15 Aralık 2010 Çarşamba

pirinci de mi çiğneyerek yiyorsunuz?

Konuyla en alakasız fotoğraf seçimi dalında pulitzer ödülü almaya çok yakınım. Bağlantıyı şöyle kurdum: pirinç deyince aklıma hemen (toprağa, emeğe, alın terine saygımdan dolayı) çeltik tarlaları gelir. Çeltik tarlaları deyince de sinemamızın nadide örneklerinden biri olduğuna inandığım kurbağalar filmi. İşte film kabaca, dul kalmış kadının taşradaki amansız hayat mücadelesini ve çevresindeki erkeklerin amansız 'dul kadın
fantazisini' anlatıyor. Geceleri kurbağa toplamaya giden
kadının ıslanmış kalçası, yer yer ıslanmış memişleri kasabanın adamlarının aklını alıyor filan...

Başlıktaki soru ise tamamen benim göbeğim ve süleyman semirel gıdısımla alakalı. Kilo almamın sebeplerinden biri yemekleri çiğnemeden yiyor oluşummuş. Her ne kadar 'yav sen mide asidini hafife alıyon, lokma küçükmüş büyükmüş dimez; anasını ağladır o asit' diye lise biyoloji dersinden alıntılar yaptıysam da, haklılık payını da göz ardı etmemeye karar verdim.

Bir süredir lokmaları uzun uzun çiğnemeye gayret gösteriyorum. Öğün başına düşen gayri safi milli zaman kaybım iki katına çıktı. Daha bi faydasını da görmedim ama vardır bi bildikleri...
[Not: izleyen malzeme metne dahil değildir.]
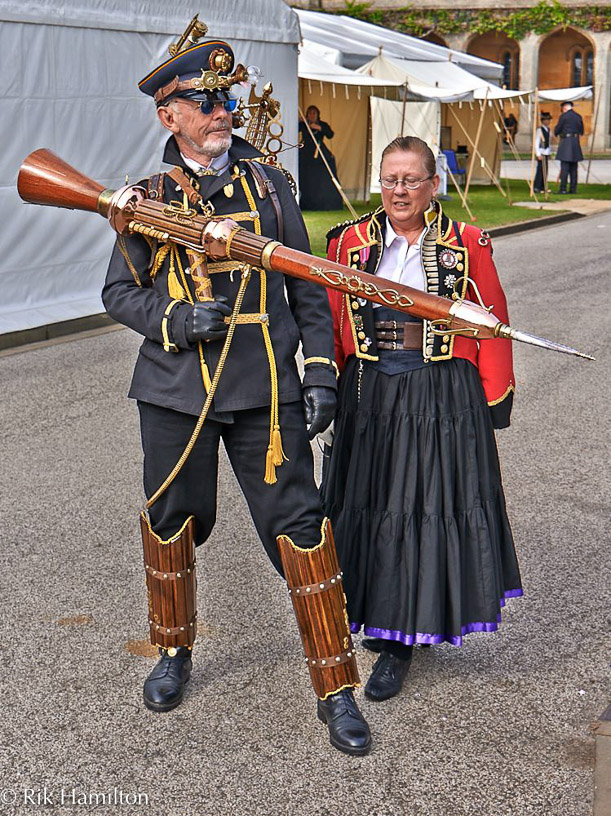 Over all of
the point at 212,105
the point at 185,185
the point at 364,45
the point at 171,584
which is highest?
the point at 364,45

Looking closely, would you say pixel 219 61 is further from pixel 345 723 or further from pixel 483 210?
pixel 483 210

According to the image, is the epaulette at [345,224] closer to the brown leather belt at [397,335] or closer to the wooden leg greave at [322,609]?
the brown leather belt at [397,335]

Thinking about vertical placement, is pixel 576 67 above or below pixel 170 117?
below

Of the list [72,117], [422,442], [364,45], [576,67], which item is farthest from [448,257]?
[576,67]

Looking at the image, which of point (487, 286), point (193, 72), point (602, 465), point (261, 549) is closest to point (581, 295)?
point (602, 465)

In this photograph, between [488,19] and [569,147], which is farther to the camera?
[488,19]

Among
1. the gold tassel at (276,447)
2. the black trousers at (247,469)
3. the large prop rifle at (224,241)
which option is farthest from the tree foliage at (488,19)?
the gold tassel at (276,447)

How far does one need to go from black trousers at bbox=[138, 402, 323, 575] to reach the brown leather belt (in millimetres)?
421

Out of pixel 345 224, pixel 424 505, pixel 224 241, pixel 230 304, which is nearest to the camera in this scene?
pixel 224 241

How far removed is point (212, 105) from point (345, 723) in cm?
188

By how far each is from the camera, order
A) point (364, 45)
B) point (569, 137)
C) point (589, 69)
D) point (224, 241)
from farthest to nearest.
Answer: point (589, 69), point (569, 137), point (364, 45), point (224, 241)

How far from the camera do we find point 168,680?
12.1 feet

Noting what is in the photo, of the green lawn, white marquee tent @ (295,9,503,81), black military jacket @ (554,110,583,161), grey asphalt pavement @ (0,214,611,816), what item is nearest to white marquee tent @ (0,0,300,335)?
the green lawn

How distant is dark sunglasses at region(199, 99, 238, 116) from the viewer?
3.19 metres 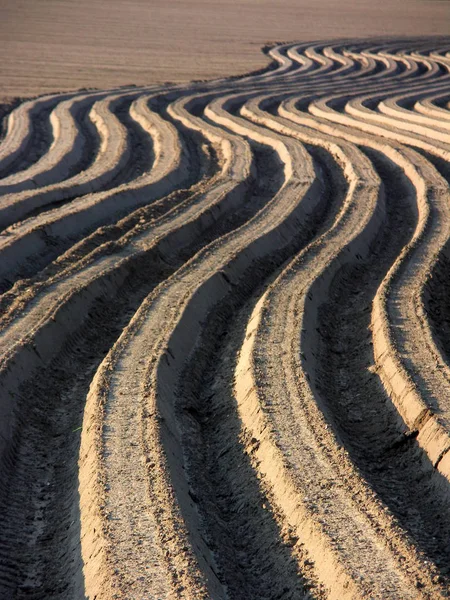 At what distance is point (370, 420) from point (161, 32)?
3294 centimetres

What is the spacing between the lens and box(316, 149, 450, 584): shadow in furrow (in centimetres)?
498

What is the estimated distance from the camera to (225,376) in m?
6.71

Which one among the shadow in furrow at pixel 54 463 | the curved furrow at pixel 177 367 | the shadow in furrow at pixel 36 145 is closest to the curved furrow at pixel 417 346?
the curved furrow at pixel 177 367

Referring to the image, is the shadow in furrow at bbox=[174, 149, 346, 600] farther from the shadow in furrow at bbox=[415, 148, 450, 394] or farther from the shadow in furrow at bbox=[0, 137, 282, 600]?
the shadow in furrow at bbox=[415, 148, 450, 394]

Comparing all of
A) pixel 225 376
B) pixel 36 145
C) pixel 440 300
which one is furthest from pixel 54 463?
pixel 36 145

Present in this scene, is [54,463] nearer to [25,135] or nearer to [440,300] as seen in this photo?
[440,300]

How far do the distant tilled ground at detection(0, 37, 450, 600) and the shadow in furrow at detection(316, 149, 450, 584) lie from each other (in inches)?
0.7

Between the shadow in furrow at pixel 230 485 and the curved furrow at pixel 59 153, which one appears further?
the curved furrow at pixel 59 153

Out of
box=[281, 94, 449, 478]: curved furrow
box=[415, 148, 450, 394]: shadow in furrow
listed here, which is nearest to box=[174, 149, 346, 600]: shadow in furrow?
box=[281, 94, 449, 478]: curved furrow

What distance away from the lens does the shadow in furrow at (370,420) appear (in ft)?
16.4

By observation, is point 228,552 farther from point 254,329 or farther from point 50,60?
point 50,60

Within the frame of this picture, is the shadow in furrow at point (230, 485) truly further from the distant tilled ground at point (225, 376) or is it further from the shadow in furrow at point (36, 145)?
the shadow in furrow at point (36, 145)

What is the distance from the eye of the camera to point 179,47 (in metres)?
32.3

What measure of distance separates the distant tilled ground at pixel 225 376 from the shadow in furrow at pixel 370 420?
0.02 meters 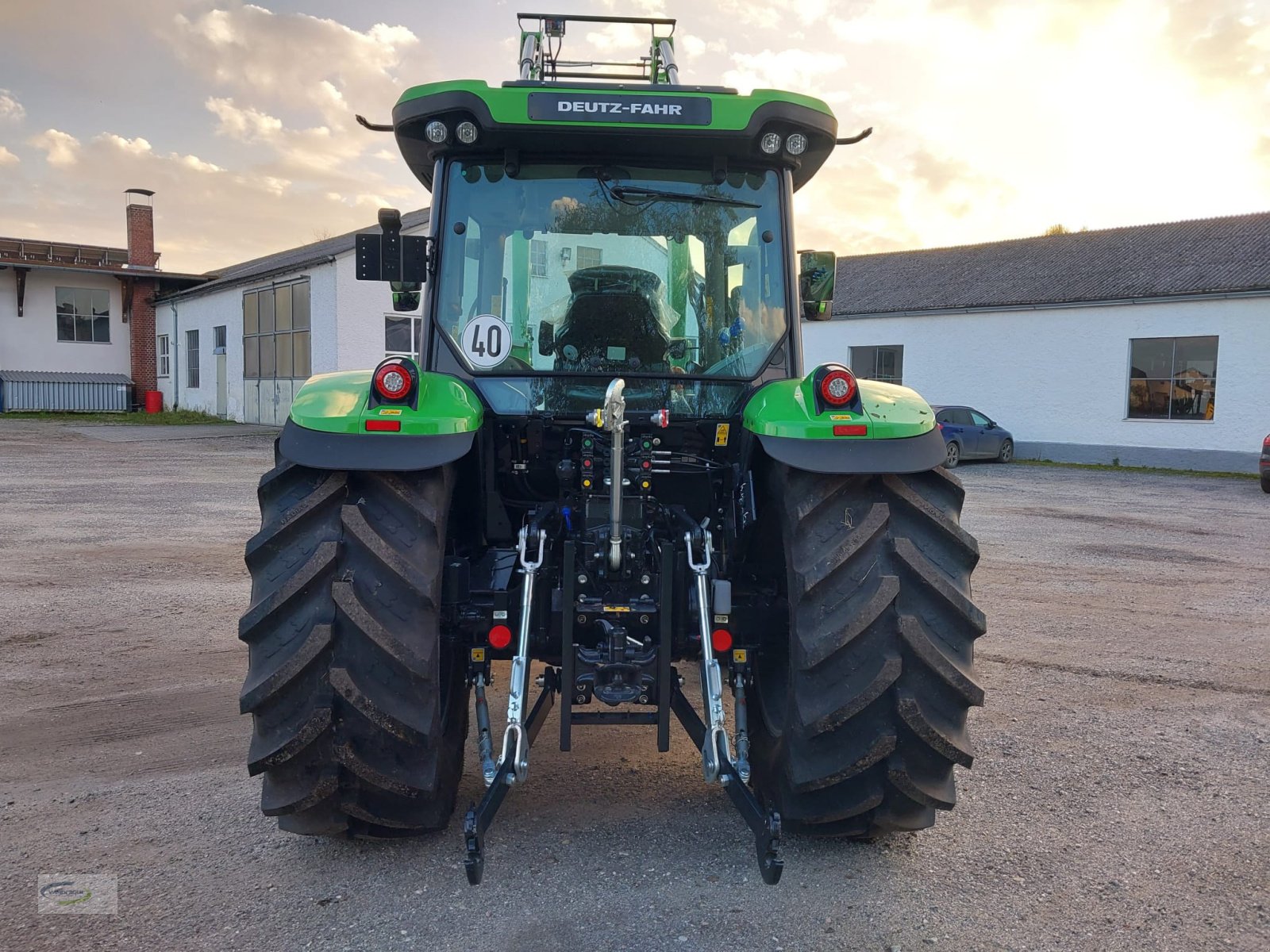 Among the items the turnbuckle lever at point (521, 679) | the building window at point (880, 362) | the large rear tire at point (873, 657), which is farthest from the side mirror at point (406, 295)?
the building window at point (880, 362)

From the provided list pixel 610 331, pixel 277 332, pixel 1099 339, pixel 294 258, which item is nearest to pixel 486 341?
pixel 610 331

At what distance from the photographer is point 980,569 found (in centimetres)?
966

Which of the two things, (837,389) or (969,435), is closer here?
(837,389)

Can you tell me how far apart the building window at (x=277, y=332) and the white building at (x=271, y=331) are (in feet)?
0.09

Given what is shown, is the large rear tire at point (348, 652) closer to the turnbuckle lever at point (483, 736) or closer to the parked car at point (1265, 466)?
the turnbuckle lever at point (483, 736)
Akşam pirinç pilavı yerken aklıma düşüverdi: Len bu ufacık şeyleri de mi çiğneyerek yemem gerekiyor? Ne gereği var ki? Her öğün inek gibi hissetmeye başladım. Bildiğin geviş getiriyorum yarım saat. Yarım ekmeğin yarısını tereddütsüz tek ısırıkta yutan bi adamdım ben! Hayatımda mandalinayı dilimlere ayırmaya tenezzül etmemişim. Mandalina zaten küçük, atarsın ağzına, oh mis!

Pirinci de çiğneyerek yiyeceksem bu mide mekanizması ne iş görecek? Onun asidi var ya, demiri eritiyormuş; çeliği sakat bırakıyorm.. Neyse.

Bu arada, Yaman Okay da ne büyük insandı be!

1 yorum:

benjcev dedi ki...

dinle oğul; dikkatini buraya ver:

bak benim ağzımda 3 diş ha var ha yok. o 3 diş ile de bırak çiğnemeyi, ısırmayı; sadece ekmeği koparıyorum. onu elimle yapsam da oluyor yani. sırf alışkanlıktan böyle. 65 yıllık yaşantımda ne gıdılar tanıdım, zaten yoktular. fakat, sırf kilo almayayım diye ağzını fazladan geviştiriyormuşsun, yapma! yine 58 yıllık yaşantımda şunu anladım ki metabolizma denen şey, ekmeğin çok çiğnenmesiyle alakalı değil. bunun mitokondrisinden tut, hormonuna; oradan bu tarafa gel doymuş yağ oranına en olmadı doymamamış danalığına...

yani, en azından şunu bil ki; yine 73'üme yeni basmışken sana ancak şunu öğütlüyorum; bir lokmayı çok çiğnemyerek ancak gıdını eritirsin. ha süleyman demirel gıdısın olmaz da; küçük bir naim süleymanoğlucuk oluşur kastan. ancak o kadar.